Santa Monica’s program is similar to one in Portland, Ore., that began six years ago and offers preference in the city’s affordable housing programs to families and descendants forced from a historically Black neighborhood by the construction of Interstate 5 and urban redevelopment.

Through redlining, exclusionary zoning, racially restrictive covenants and displacement caused by freeways and redevelopment, nearly every urban area in the country prevented Black families from accessing the same wealth and opportunity available to white residents and their children, said Sheryll Cashin, a law professor at Georgetown University and author of “White Space, Black ‘Hood: Opportunity Hoarding and Segregation in the Age of Inequality.”

In light of this history, Santa Monica’s effort makes sense, she said.

“It’s an example of more of what needs to happen where a city looks honestly at its past to understand that a lot of the dramatic inequality in the present overlays with race,” Cashin said.

Discussions about the housing program began in 2019 when Santa Monica officials were deciding how to commemorate the city’s historic Black communities during the construction of an athletic field in what was once Belmar Triangle. A walking path around the field now features photos of Santa Monica’s early Black families and signs describe how the freeway and urban renewal projects destroyed neighborhoods.

Ultimately, the City Council decided to give families that were forced out preferential treatment on its waitlist for low-income apartments.

To qualify, residents must prove that they or their families were displaced and meet income requirements, generally earning no more than $66,250 for a single person or $94,600 for a family of four. They would get apartments with rents now restricted at $1,891 a month for a one-bedroom through $2,896 for a four-bedroom — amounts far less than what you could find on the open market.

But in a sign of how hard affordable housing is to come by, the current waitlist extends to more than 6,000 families. Low-income households living in Santa Monica that are evicted when their rent-controlled apartments are demolished or when other actions cause immediate displacement will have the first option to receive housing.

Nevertheless, city officials are confident that the program will provide opportunities for dozens of families displaced by the construction of the 10 Freeway or the Civic Auditorium to find homes.

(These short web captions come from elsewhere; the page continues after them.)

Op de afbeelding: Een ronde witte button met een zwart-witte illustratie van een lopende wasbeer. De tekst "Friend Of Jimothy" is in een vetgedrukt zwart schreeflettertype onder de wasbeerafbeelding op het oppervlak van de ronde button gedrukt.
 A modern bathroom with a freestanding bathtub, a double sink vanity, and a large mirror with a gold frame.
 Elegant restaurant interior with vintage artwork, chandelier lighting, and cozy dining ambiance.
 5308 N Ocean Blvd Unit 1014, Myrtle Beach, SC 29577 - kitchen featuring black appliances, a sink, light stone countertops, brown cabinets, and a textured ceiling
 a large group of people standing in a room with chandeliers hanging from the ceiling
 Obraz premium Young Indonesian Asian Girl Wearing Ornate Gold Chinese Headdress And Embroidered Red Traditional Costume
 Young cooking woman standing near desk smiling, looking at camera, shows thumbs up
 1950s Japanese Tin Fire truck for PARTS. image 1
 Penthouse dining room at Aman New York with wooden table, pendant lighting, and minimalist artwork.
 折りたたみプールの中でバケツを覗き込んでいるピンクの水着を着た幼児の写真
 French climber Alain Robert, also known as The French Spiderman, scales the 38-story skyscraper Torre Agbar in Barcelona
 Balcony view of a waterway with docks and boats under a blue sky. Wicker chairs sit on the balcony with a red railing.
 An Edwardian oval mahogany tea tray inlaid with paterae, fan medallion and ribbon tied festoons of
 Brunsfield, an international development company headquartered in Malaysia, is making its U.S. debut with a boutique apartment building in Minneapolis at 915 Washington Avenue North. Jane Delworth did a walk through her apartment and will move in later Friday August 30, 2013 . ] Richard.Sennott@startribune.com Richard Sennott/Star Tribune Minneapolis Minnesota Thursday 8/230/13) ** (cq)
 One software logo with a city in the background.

Monroe could be one of them.

When the freeway took her grandparents’ duplex, they moved to another property they owned in Santa Monica.

On that land, Monroe’s grandfather designed a two-story house with five apartments in the back. For years, the family centered its life there, and it remained Monroe’s base for holidays and summers even after she and her parents moved to Mississippi when she was 10.

Photos of Nichelle Monroe's family

Photos of Nichelle Monroe’s family members are on placards in a park dedicated to the first Black residents in Santa Monica at the turn of the last century.

(Jason Armond / Los Angeles Times)

Monroe returned to attend Santa Monica College, where she now works, and lived in one of her grandparents’ apartments. But 15 years ago, after her grandparents’ death, a relative sold the property and Monroe’s physical link to Santa Monica was severed, even if the emotional connection never faded.

“Everywhere that I’ve been,” Monroe said, “no place compares to my beloved Santa Monica.”

Monroe said she has mixed feelings about the new housing program and the city’s other recent efforts to recognize Black history. Monroe believes the city should be making it easier for her family to actually buy a home in the community.

She’s proud photos of her grandparents and great-grandparents are featured in the new Belmar Triangle walking path.

“But what else is there?” Monroe said. “The theft is still there. The generational wealth is still gone.”